En prévision du jour J, les Verdunois ont apporté quelques mouches « québécoises » : des « parachutes », qui flottent au fil de l'eau, et des mouches traditionnelles (du type « palmer »), qui restent à la surface. « Des "poutines spéciales" ! » dira l'un d'eux. Mais ils ont vite été obligés de constater que la truite locale, « importée » de Toscane -- la région voisine -- au 16e siècle, appréciait moyennement. Ça ne mordait pas ! Car elle est plutôt difficile, la trota fario mediterranea. « Le matin, on n'utilise pas la même mouche que le soir », précise Mauro Merli, ancien mécanicien de formule 1 et guide de pêche à ses heures, qui accompagne le groupe. « Le poisson ne mange pas la même chose au petit déjeuner qu'au dîner. » Et de la poutine, spéciale ou non, au petit déjeuner...
C'est au début du 20e siècle qu'on a de nouveau ensemencé de truites la Scoltenna. On a utilisé des truites de souche atlantique, les croyant identiques à leurs cousines méditerranéennes. On se trompait, et on sait mieux les distinguer de nos jours. Entre autres, la méditerranéenne conservera toute sa vie ses taches brunes, explique le vétérinaire Mauro Ferri, qui s'est joint aux jeunes de Point de mire. C'est donc celle-là, considérée comme autochtone, dont on favorise maintenant la reproduction. Et la zone où les Verdunois pêchent aujourd'hui est no kill, c'est-à-dire que les pêcheurs sont tenus de gracier leurs prises. Cela ne pose aucun problème aux jeunes, qui savent comment « réanimer » le poisson avant de le relâcher.
Il fait déjà chaud. Michel Richard a pris la température de l'eau : 20. Pas étonnant que ça ne morde pas, malgré les mouches « italiennes ». Karine Picard, 16 ans, décide d'initier le journaliste québécois au lancer. Par mesure de précaution, elle retirera l'hameçon du bout de la ligne. Une heureuse initiative, constatera le reporter, qui n'a pas de permis, au moment d'expliquer au garde-pêche qu'il ne pêchait pas vraiment...
Au-delà du sport, c'est la qualité de vie à Modène qui a frappé les jeunes Québécois : la propreté de la ville, la fermeture des petits commerces en plein après-midi, le soin apporté à l'habillement, l'importance accordée aux repas... « Nous autres, on mange en 20 minutes, dit Patricia. Ici, on passe deux heures à table ! » « Je n'ai pas vu un seul soûlon, fait remarquer Julie. Le soir, tu ne te fais pas harceler. À Verdun, à minuit, c'est le gros système de son, pis fuck les voisins ! »
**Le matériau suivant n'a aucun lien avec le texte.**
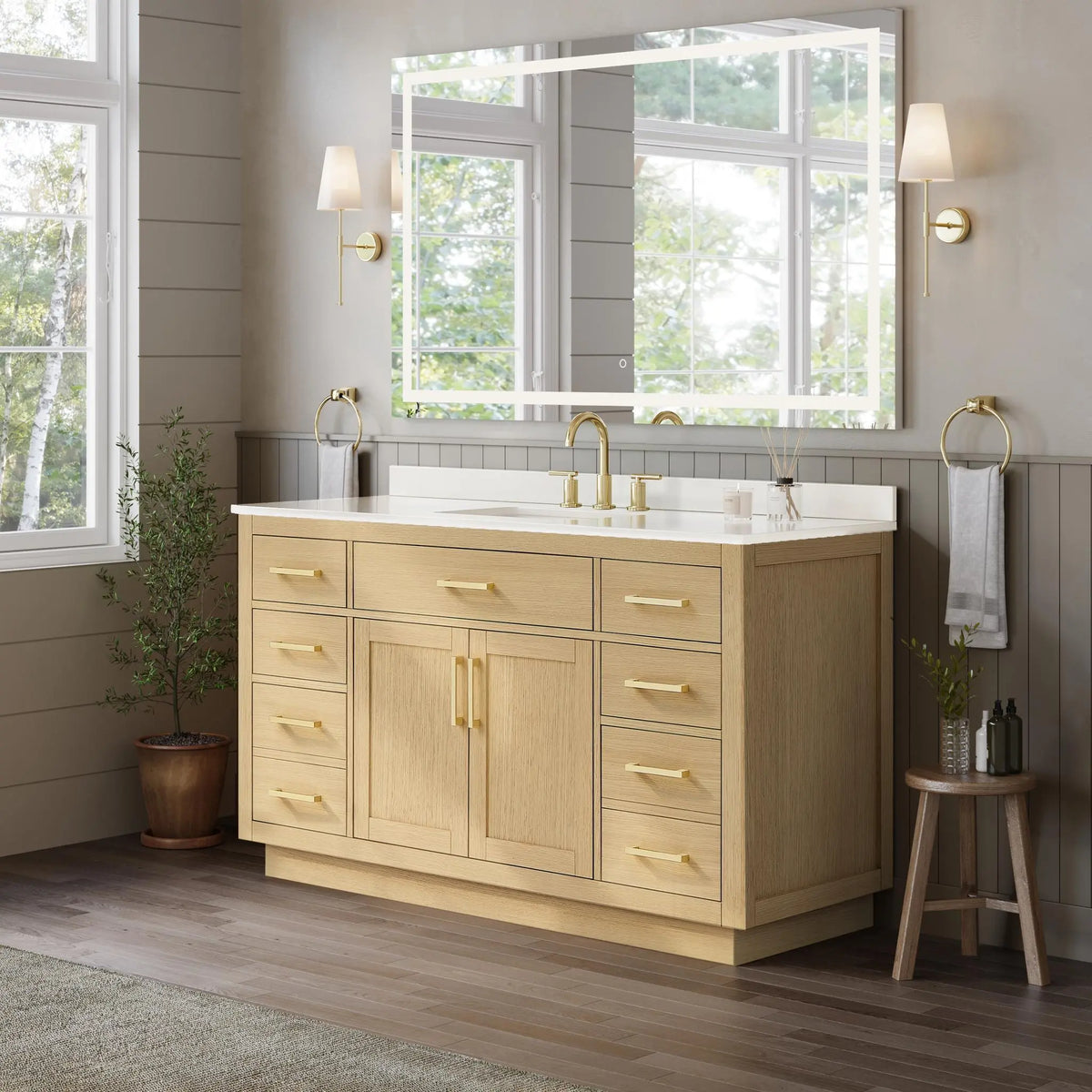 60" Beckett Single Bathroom Vanity with Toe Kick Rift Oak Brushed Gold Trim by wyndham View 37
Mario Viboux a rédigé un guide de pêche pour les jeunes, dans lequel il a récrit les « dix commandements du coureur des bois ». Le cinquième, par exemple, stipule : « tu prêteras assistance à quiconque est dans le besoin. » Traduit pour les adolescents, cela donne : « Dans le bois, quand tu vois que quelqu'un est dans la marde, aide-le. Sinon, c'est vraiment chien. » En forêt ou à Verdun, des jeunes de Point de mire ont parfois été dans le besoin. Peut-être surtout à l'école, dont la moitié de leurs amis ont déjà décroché. Même Julie la courageuse avoue avoir de graves difficultés. « Plus nulle que moi, tu meurs », dit-elle sérieusement. Serait-ce parce qu'elle travaille jusqu'à 35 heures par semaines dans un commerce de restauration rapide ? « Tu "rushes", mais on dirait que tu t'habitues », répond Julie. Comment fait-elle ? « Si un cours n'est pas important -- par exemple celui de morale --, je tombe endormie. Tout le monde fait ça. » La pêche lui a peut-être malgré tout appris ce que ses professeurs de morale n'ont pas pu lui transmettre. Car, soutient-elle, « je veux avoir un but dans la vie, je ne veux pas rester chez moi à attendre mon chèque d'allocations familiales ».
Jean-François Beaudry, 17 ans, a lui aussi de sérieuses difficultés à l'école. Lunettes orange, tête soigneusement décoiffée, il dit avoir décidé de finir sa 5e secondaire une fois pour toutes. Pas à Repentigny, où ses parents viennent de s'installer. Mais à Verdun. Ce n'est certes pas un coin où il y a beaucoup de poissons, mais on peut toujours y faire confiance aux « coureurs des bois ».